Real robots tested with the RL control software walked nearly twice as fast, turned three times as quickly and took less than half the time to get up compared with robots using the scripted controller made by the manufacturer. But more advanced skills also emerged, like fluidly stringing together actions. “It was really nice to see more complex motor skills being learned by robots,” says Radosavovic, who was not a part of the research. And the controller learned not just single moves, but also the planning required to play the game, like knowing to stand in the way of an opponent’s shot.

“In my eyes, the soccer paper is amazing,” says Joonho Lee, a roboticist at ETH Zurich. “We’ve never seen such resilience from humanoids.”

But what about human-sized humanoids? In the other recent paper, Radosavovic worked with colleagues to train a controller for a larger humanoid robot. This one, Digit from Agility Robotics, stands about five feet tall and has knees that bend backward like an ostrich. The team’s approach was similar to Google DeepMind’s. Both teams used computer brains known as neural networks, but Radosavovic used a specialized type called a transformer, the kind common in large language models like those powering ChatGPT.

Instead of taking in words and outputting more words, the model took in 16 observation-action pairs — what the robot had sensed and done for the previous 16 snapshots of time, covering roughly a third of a second — and output its next action. To make learning easier, it first learned based on observations of its actual joint positions and velocity, before using observations with added noise, a more realistic task. To further enable sim-to-real transfer, the researchers slightly randomized aspects of the virtual robot’s body and created a variety of virtual terrain, including slopes, trip-inducing cables and bubble wrap.

This bipedal robot learned to handle a variety of physical challenges, including walking on different terrains and being bumped off balance by an exercise ball. Part of the robot’s training involved a transformer model, like the one used in ChatGPT, to process data inputs and learn and decide on its next movement.

After training in the digital world, the controller operated a real robot for a full week of tests outside — preventing the robot from falling over even a single time. And in the lab, the robot resisted external forces like having an inflatable exercise ball thrown at it. The controller also outperformed the non-machine-learning controller from the manufacturer, easily traversing an array of planks on the ground. And whereas the default controller got stuck attempting to climb a step, the RL one managed to figure it out, even though it hadn’t seen steps during training.

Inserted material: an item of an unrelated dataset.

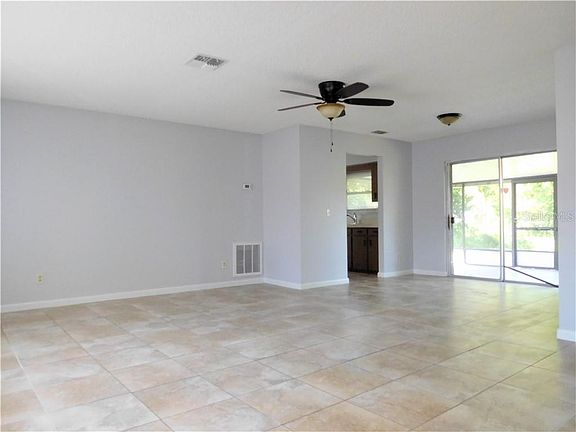 5th image of 956 Feather Dr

Reinforcement learning for four-legged locomotion has become popular in the last few years, and these studies show the same techniques now working for two-legged robots. “These papers are either at-par or have pushed beyond manually defined controllers — a tipping point,” says Pulkit Agrawal, a computer scientist at MIT. “With the power of data, it will be possible to unlock many more capabilities in a relatively short period of time.”

And the papers’ approaches are likely complementary. Future AI robots may need the robustness of Berkeley’s system and the dexterity of Google DeepMind’s. Real-world soccer incorporates both. According to Lever, soccer “has been a grand challenge for robotics and AI for quite some time.”